Thinkers: Jean-Baptiste Colbert, Thomas Mun
Natural price
The price to which goods and services seem to gravitate naturally in the long run.
Thinkers: Smith
Physiocracy
Economic school of thought during the second half of the 18th century, which mainly resided in France. The Physiocrats thought that the entire wealth of a nation derived solely from land agriculture, also known as the Gift of Nature.

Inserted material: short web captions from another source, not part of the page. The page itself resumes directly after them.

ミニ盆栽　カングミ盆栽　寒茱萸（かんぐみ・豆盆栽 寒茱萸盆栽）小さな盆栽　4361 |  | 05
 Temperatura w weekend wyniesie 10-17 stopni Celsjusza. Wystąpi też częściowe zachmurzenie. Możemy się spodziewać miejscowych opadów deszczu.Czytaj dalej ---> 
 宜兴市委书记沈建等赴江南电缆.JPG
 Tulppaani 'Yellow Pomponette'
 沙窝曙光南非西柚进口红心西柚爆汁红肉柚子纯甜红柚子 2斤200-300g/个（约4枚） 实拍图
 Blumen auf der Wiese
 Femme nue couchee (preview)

Thinkers: François Quesnay
Price-specie flow mechanism
Famous critique, invented by David Hume, against the use of Mercantilism as main economic policy. The price-specie flow mechanism states that countries with positive trade balances are effectively importing gold (money) in exchange for their exports while those with negative trade balances are exporting gold in exchange for imports. The increase in gold in countries with positive trade balances causes inflation, which makes prices rise and in turn makes imports more competitive. Conversely, the decrease in gold in countries with negative trade balances causes deflation, which makes price fall and exports more competitive internationally. This causes the balance of trade to shift in both countries. Thus, Hume argued that a trade balance is relatively unimportant because it tends to balance itself out in the long term.
Thinkers: David Hume
Real price
The nominal price adjusted for the inflation rate. The real prices give a more realistic picture of economic purchasing power.
Thinkers: Smith
Trade balance
The difference between a country’s exports and its imports over a certain amount of time.
Thinkers: David Hume
Comparative advantage
Comparative advantage is an economoc law referring to the ability of any given economic actor to produce goods and services at a lower opportunity cost than other economic actors. Comparative advantage is contrasted with absolute advantage. Absolute advantage refers to the ability to produce more or better goods and services than somebody else. Comparative advantage refers to the ability to produce goods and services at a lower opportunity cost, not necessarily at a greater volume.
Thinker: David Ricardo
Corn laws
Mercantilist tariffs placed on the import of corn in the UK between 1815 and 1846, designed to protect the British agricultural sector. When the prices reach a floor level, imports are banished.
Felicific Calculus
Methodology invented by Jeremy Bentham to calculate pleasure and pain, which is considered one of the main precursors of cost-benefit analysis. It bases its calculations on the factors of intensity, duration, propinquity and many more.
Thinkers: Jeremy Bentham
General Glut
A general glut exists when there is excess supply in all markets. That is, there is a general shortage of demand to consume the total production. Jean-Baptiste Say argued that general gluts could not occur because supply creates its own demand, a result known as Say’s Law. Malthus famously rejected Say’s Law.